Would you copy the lines below exactly and omit the images?

- [INFORMATION PROVIDED]:
==*==

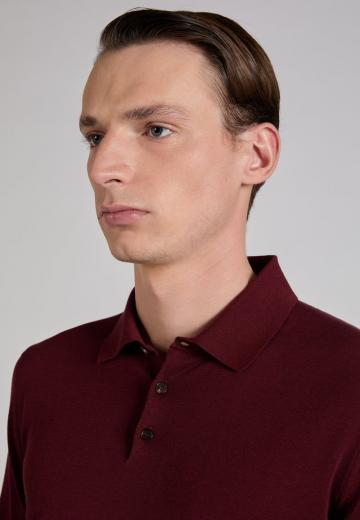 Поло с длинным рукавом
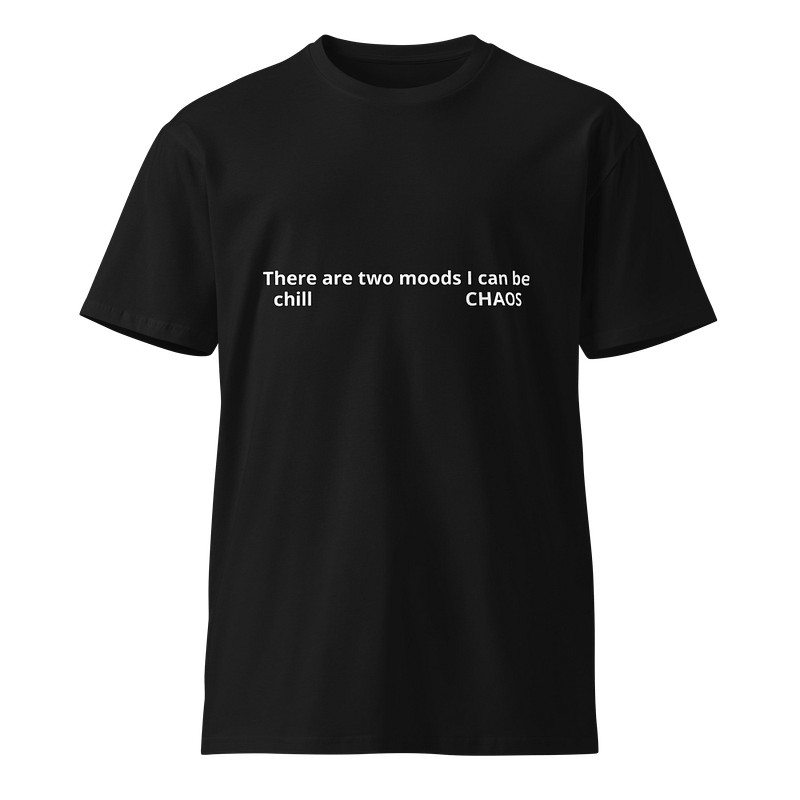 there are two moods I can be chill and chaos T-shirt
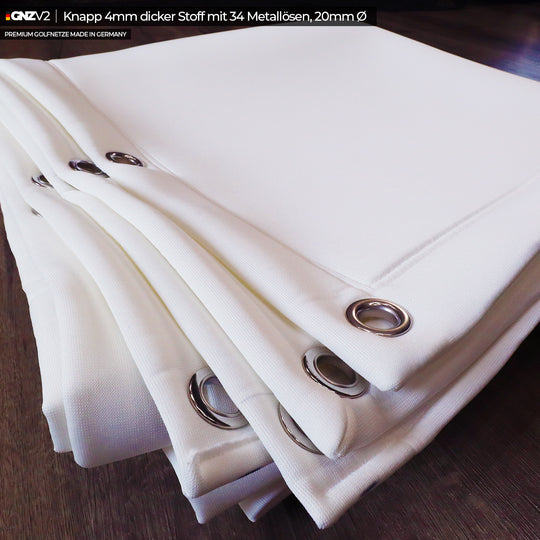 Filet de Practice de Golf GNZV2 | Modèle L | Inclus Petit Tapis de Frappe + Écran de Frappe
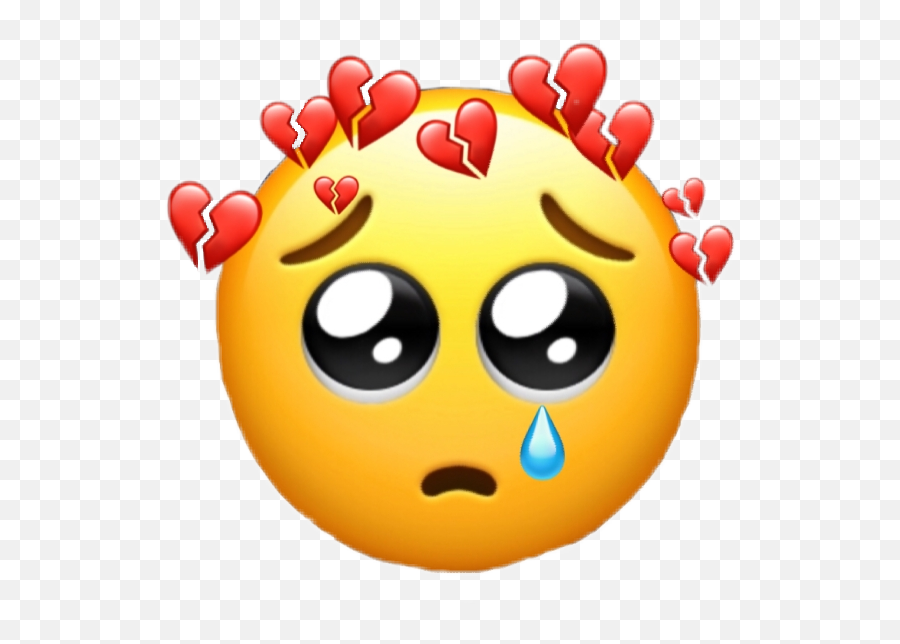 Triste Tristeza Sticker - Sad Broken Heart Emoji,Emoticon Triste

==*==

- [YOUR RESPONSE]:
 Поло с длинным рукавом
 there are two moods I can be chill and chaos T-shirt
 Filet de Practice de Golf GNZV2 | Modèle L | Inclus Petit Tapis de Frappe + Écran de Frappe
 Triste Tristeza Sticker - Sad Broken Heart Emoji,Emoticon Triste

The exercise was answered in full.